Principals Perspective (September/October2022) - Rabbi Matthew Bellas
Rabbi Matthew Bellas

A Place and Time of Joy

While thinking about the kind of culture and atmosphere that I want for us to have at school for students, staff, and families, JOY is the first thing that always comes to mind. When members of our community come to the school feeling joyous, positive, and optimistic about their time here, that attitude has a significant impact not only on their own experience, but the tone and ethos in the school. When we smile and greet each other; when we share compliments and praise each other; when we celebrate Jewish festivals and our accomplishments together, our comfort and confidence grow and the school feels like an even more wonderful place to be. Creating a joyful atmosphere at school and being joyful has so many individual and communal benefits.

As a k’hilah/community, we are currently in the midst of the fall High Holy Day and festival season of Rosh Hashanah, Yom Kippur, Sukkot, Sh’mini Atzeret, and Simhat Torah. Each and every one of these haggim is joyous for its own reasons and Sukkot, according to tradition, is also called זמן שמחתינו/z’man simhateinu/the season of our joy or החג/heh-hag/THE festival because it is associated with the most joyous of beliefs, customs and traditions that we have. Our joy derives from coming together as a community, feeling close to our Judaism, Jewish tradition and God at this time, and the mitzvot, customs, practices, and traditions associated with the festivals.

It is said that when a culture has many different words for a specific concept or item, it is an expression of its centrality to that people. For example, many of us may have heard about how the Inuit people have 50 or more words for “snow.” This phenomenon goes very far back in human history to some of our most ancient civilizations having multiple words for things like earth, forest/trees, or water.

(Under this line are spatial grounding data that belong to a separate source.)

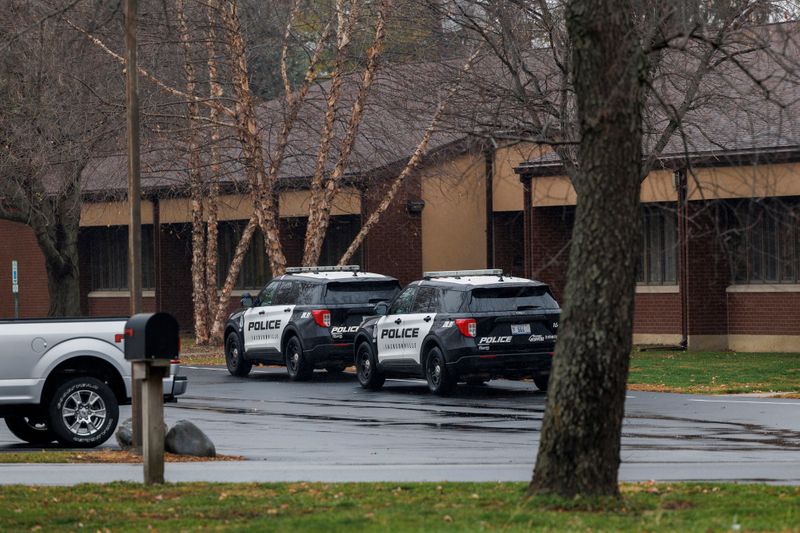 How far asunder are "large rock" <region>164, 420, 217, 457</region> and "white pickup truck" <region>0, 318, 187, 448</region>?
4.49ft

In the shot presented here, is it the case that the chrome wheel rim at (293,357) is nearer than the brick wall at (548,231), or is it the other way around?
the chrome wheel rim at (293,357)

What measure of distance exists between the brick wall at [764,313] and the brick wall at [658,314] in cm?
149

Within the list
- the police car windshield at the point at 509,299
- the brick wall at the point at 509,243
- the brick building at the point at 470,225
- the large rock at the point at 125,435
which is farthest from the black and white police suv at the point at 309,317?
the brick wall at the point at 509,243

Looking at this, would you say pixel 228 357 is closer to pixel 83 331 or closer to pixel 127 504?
pixel 83 331

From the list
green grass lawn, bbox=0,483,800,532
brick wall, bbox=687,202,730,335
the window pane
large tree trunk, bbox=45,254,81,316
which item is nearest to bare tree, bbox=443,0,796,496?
green grass lawn, bbox=0,483,800,532

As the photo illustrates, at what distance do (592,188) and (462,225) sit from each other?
28.9m

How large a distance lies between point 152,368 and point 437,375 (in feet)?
37.9

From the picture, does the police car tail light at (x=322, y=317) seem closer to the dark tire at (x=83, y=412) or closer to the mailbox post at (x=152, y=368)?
the dark tire at (x=83, y=412)

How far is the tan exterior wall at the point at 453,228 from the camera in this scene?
1523 inches

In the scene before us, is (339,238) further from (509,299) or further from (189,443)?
(189,443)

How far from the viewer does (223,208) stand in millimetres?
42875

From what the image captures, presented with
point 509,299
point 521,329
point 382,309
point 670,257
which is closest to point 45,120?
point 382,309

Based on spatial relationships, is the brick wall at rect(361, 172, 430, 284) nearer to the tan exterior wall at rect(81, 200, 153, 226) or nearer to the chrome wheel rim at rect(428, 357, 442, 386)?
the tan exterior wall at rect(81, 200, 153, 226)

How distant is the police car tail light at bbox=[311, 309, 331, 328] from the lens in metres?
26.5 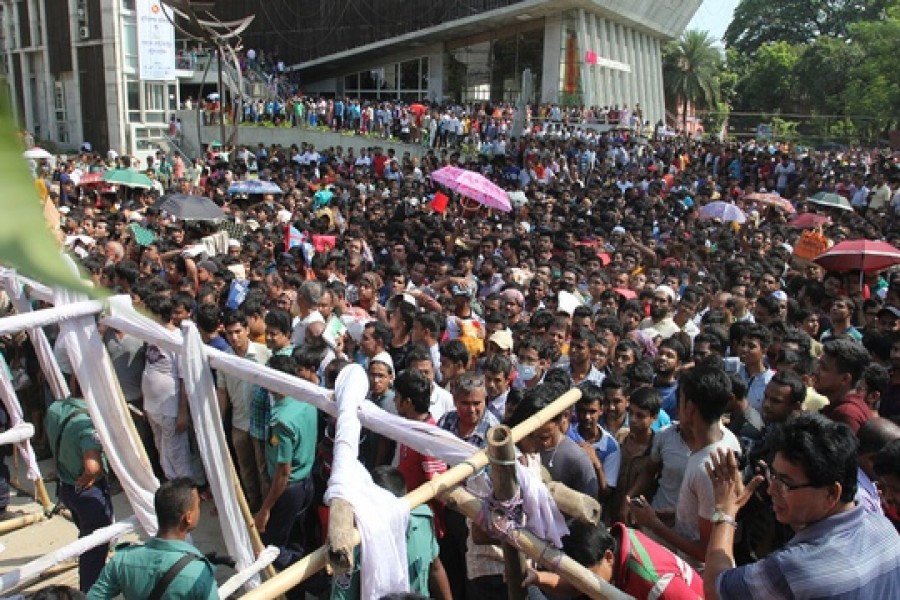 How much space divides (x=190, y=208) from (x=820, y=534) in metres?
9.11

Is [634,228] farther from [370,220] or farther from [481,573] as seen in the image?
Answer: [481,573]

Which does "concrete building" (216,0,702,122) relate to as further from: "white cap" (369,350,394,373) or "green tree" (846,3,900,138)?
"white cap" (369,350,394,373)

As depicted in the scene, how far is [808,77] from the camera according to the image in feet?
147

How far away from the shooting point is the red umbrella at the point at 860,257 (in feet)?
24.1

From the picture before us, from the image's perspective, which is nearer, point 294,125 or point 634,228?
point 634,228

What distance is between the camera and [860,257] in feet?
24.4

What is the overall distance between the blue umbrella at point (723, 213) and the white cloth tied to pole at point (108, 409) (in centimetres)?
1034

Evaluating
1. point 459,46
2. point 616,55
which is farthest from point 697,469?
point 616,55

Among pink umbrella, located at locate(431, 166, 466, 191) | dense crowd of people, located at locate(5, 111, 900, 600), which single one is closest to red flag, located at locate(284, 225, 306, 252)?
dense crowd of people, located at locate(5, 111, 900, 600)

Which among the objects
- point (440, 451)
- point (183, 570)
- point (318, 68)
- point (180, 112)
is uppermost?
point (318, 68)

For us, the Jewish people and in Hebrew language, our culture is linguistically rich with many different words for joy.

Living in Jewish community, studying Jewish history and practice, and observing Jewish traditions and customs is, first and foremost, supposed to be joyful. This truth is exemplified by the many different words we have in order to capture the various nuances of how we feel and express joy. Here is just a selection of our vocabulary for joy:

שמחה/simhah - our most generic word for joy that means “happiness.” This word is often used as a replacement for a lifecycle moment of celebration like a b’nei mitzvah or a wedding.

חדווה/hedvah - the type of joy that comes from being together in a small or large group community.

ששון/sason - a joy that results from a surprise or unexpected event.

גילה/gilah - the kind of joy that can hardly be contained; joy that is unparalleled and manifests in exuberance.

אורה/orah - a metaphorical term for joy that describes it as “light;” joy which shines through us, illuminates us, the place where we find ourselves, and those around us.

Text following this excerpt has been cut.